Question

I'm wondering if there is a way to delete the already decompressed portion of a file as it is being decompressed. I've got an external backup of the compressed file so I'm not worried about loosing data. The file is a bz2. I'm looking to do this because I've only got 50 GB available on the drive and the compressed file is 33 GB. If I can't delete portions of the file while extracting then there won't be enough space for the decompressed file.

There are other things I could do to get around this but I am interested to know if what I mentioned above is possible.

Was it helpful?

Solution

In general, it is not possible to delete the initial portion of a file - you can only truncate a trailing portion of it.

Newer Linux kernels, however, support punching holes into files for specific filesystems, using the fallocate() system call. There is a corresponding utility that can be used for the same purpose, although you need a relatively recent version (2.21 or later) of the util-linux package for hole punching support to be included in that utility.

Keep in mind that hole punching is still relatively new and kernel bugs still pop-up - you might be better off just cleaning up your filesystem to free some space.

OTHER TIPS

If I understand you right, you want to delete the portions at the beginning of a compressed file once they have been read, decompressed and written.

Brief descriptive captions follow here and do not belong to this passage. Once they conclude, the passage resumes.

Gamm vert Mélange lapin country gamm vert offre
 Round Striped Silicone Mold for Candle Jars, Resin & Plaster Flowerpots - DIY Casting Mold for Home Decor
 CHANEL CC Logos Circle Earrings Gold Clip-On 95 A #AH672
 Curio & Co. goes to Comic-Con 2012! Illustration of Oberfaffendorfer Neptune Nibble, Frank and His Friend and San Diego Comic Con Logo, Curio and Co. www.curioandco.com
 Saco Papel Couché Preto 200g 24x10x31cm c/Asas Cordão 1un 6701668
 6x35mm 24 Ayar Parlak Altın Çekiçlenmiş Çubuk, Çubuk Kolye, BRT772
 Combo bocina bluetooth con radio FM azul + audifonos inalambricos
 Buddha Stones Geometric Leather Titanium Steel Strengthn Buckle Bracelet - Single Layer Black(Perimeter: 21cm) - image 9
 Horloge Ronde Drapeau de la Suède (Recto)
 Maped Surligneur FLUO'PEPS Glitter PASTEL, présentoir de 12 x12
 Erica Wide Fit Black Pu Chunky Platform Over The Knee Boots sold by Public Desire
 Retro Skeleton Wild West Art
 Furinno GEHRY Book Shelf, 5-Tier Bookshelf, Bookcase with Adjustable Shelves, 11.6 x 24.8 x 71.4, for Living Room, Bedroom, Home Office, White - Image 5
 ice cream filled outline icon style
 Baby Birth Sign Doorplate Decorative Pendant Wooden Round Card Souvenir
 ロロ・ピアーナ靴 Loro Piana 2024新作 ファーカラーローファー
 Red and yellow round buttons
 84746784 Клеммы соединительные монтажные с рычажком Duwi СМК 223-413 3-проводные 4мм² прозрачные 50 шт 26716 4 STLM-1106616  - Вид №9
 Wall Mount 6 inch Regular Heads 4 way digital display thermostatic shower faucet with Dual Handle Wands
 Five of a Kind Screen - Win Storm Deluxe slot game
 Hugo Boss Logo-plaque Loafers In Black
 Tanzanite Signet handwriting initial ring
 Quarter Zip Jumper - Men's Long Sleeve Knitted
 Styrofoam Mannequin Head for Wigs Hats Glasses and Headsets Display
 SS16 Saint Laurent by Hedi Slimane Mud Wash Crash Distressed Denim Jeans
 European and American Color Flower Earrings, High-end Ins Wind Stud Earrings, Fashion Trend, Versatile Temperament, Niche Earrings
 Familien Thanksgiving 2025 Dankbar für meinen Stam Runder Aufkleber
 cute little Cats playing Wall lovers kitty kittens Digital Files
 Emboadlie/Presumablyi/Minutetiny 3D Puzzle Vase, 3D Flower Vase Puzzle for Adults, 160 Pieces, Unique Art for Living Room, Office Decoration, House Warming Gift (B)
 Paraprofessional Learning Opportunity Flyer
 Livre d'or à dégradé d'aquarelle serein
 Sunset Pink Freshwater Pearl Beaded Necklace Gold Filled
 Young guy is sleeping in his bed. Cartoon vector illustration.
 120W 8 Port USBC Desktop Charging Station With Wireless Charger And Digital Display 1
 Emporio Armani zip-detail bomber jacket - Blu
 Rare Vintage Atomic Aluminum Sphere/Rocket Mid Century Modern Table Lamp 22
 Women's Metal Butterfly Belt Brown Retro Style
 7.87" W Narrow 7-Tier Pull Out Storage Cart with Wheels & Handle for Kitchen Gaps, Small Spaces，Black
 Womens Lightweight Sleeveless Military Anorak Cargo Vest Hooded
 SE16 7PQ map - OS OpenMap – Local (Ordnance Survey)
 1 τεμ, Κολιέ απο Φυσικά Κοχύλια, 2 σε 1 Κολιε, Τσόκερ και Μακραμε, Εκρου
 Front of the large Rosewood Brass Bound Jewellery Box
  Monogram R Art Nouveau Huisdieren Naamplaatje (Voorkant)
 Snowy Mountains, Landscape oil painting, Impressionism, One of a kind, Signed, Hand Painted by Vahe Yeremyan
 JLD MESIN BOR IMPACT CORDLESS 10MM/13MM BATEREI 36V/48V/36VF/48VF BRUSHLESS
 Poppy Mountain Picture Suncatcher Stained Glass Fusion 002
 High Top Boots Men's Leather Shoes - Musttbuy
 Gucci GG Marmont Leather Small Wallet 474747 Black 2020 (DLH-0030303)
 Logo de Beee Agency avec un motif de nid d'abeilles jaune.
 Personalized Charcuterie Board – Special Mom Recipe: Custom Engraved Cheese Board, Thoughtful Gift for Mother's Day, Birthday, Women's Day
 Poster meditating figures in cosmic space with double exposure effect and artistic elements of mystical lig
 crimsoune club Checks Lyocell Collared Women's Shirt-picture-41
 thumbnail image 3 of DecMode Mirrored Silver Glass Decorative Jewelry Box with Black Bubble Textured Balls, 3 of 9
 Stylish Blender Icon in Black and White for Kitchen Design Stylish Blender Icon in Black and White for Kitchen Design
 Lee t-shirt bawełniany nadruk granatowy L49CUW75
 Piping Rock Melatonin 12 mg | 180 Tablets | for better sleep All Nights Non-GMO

This is generally impossible since under Unix there is no way to delete an initial part of a file without rewriting the rest of it (it is possible to truncate a file from the end without rewriting but that does not solve the problem at hand). File systems with the concept of holes may be an option, though.

However, maybe it is possible for you to create smaller compressed files, like 33 1GB zipped files. Then it is easy to remove the files you have uncompressed already.

The most obvious solution is to write a filter which handles the decompressed output looking for whatever you need in the output.

bunzip2 -c compressedfile.bz2 | yourfilterprogram

-c directs bunzip2 to decompress to stdout.

Using this technique, the uncompressed file is not stored on disk at all.